■ **SOURCE RECORDS**
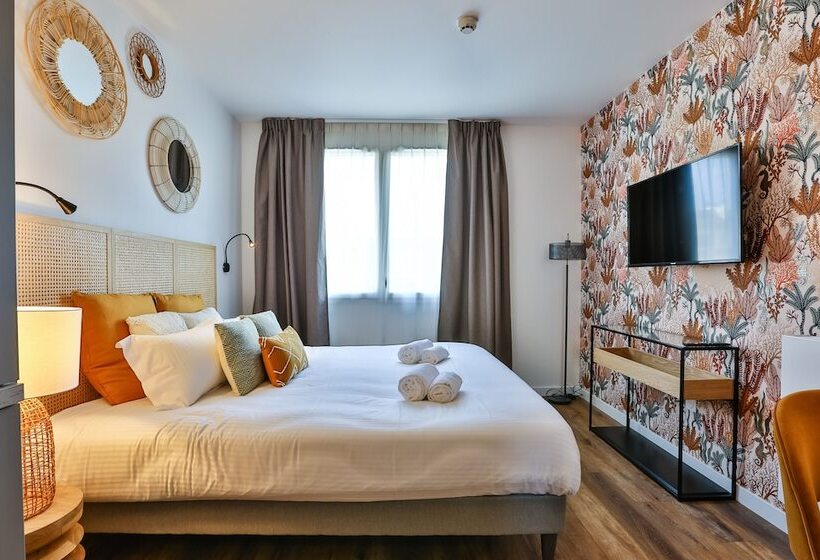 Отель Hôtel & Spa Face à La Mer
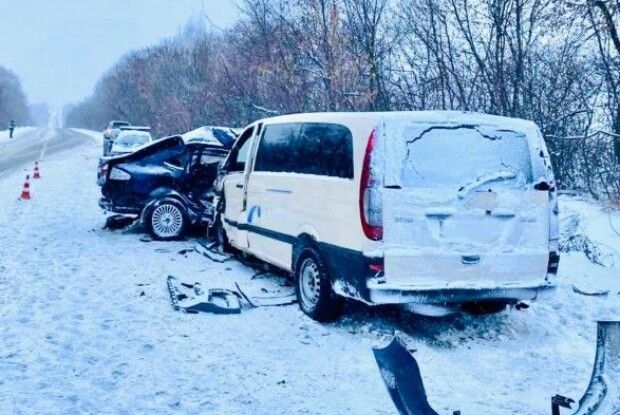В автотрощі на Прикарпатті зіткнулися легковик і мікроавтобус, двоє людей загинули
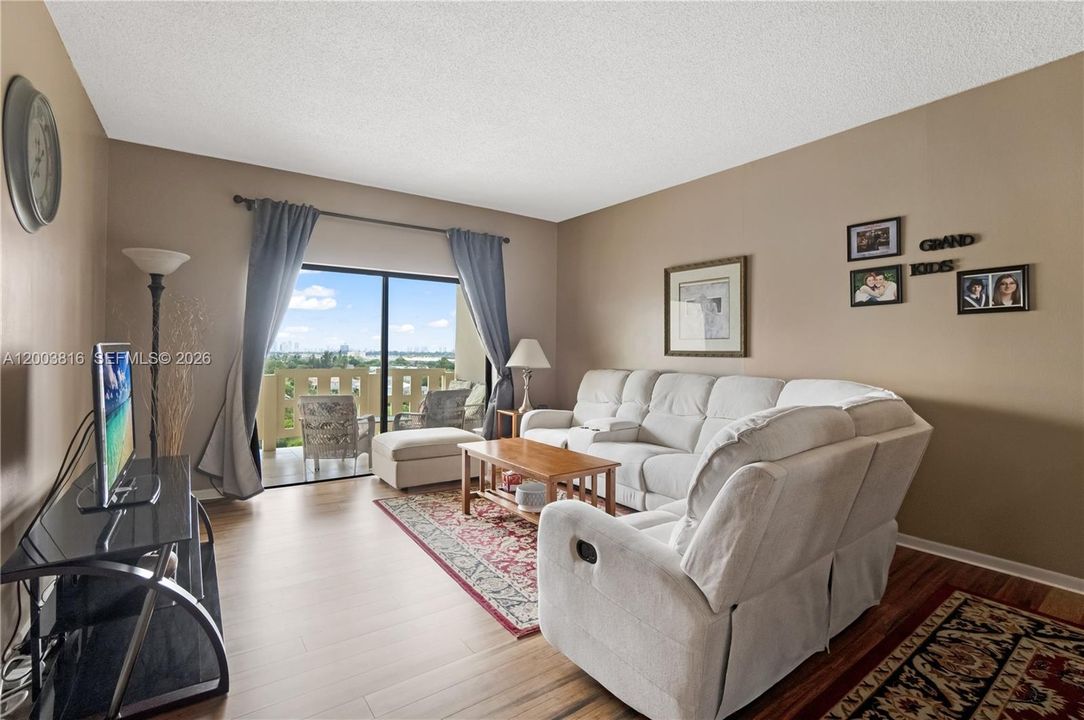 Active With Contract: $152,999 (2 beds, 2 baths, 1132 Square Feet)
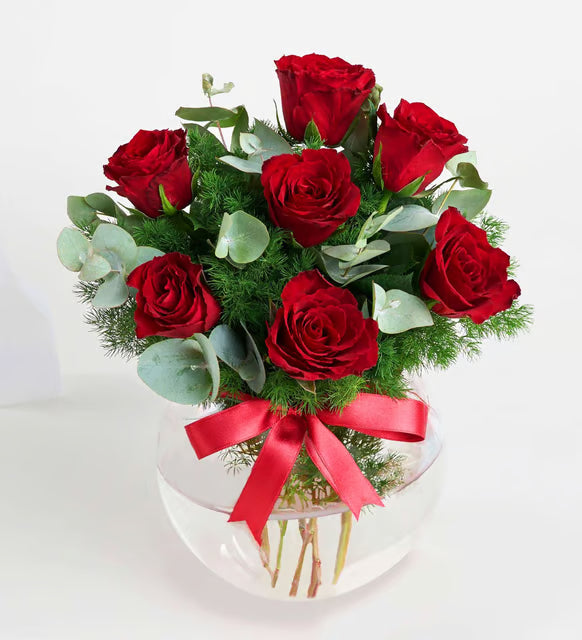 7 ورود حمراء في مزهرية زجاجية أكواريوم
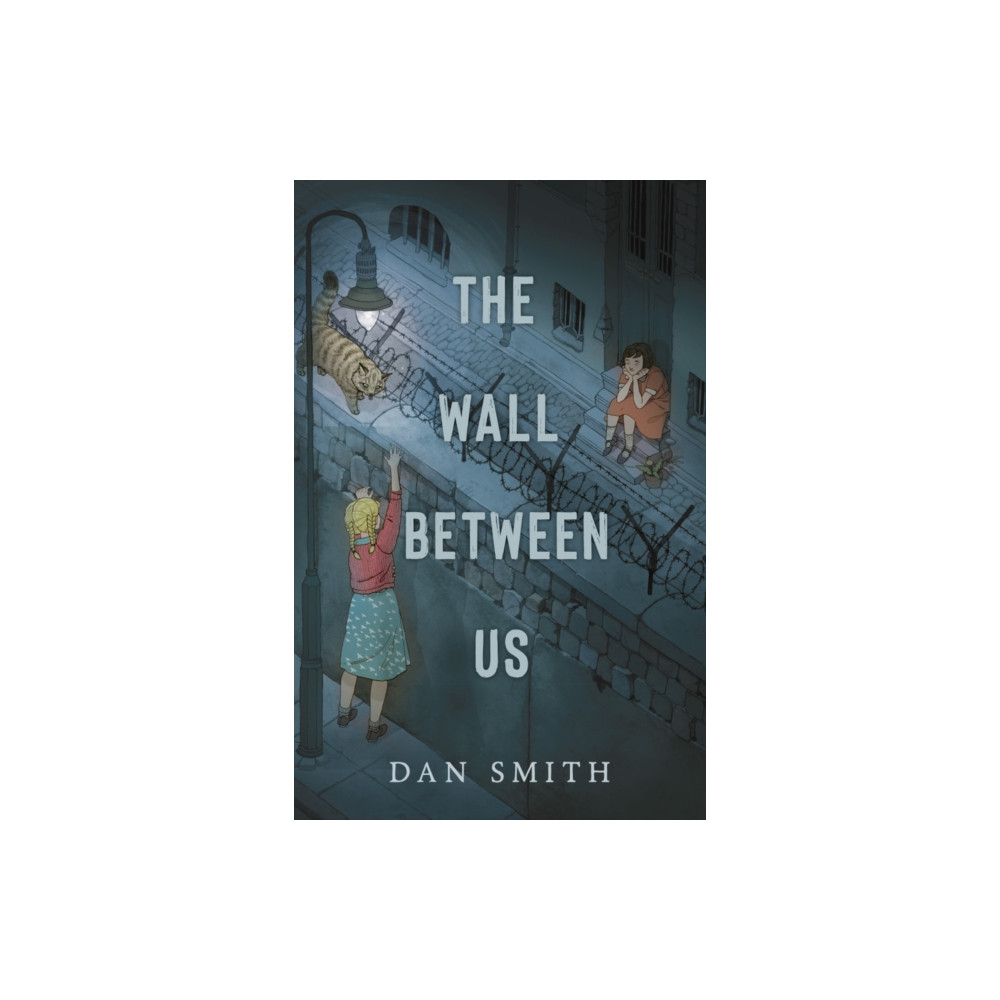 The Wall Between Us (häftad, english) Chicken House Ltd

■ **ACTIVITY**
Each line from the one containing "Active With Contract: $152,999" through the final line of the data must be reproduced exactly, both ends included, with no pictures in the copy.

■ **FINISHED EXERCISE**
 Active With Contract: $152,999 (2 beds, 2 baths, 1132 Square Feet)
 7 ورود حمراء في مزهرية زجاجية أكواريوم
 The Wall Between Us (häftad, english) Chicken House Ltd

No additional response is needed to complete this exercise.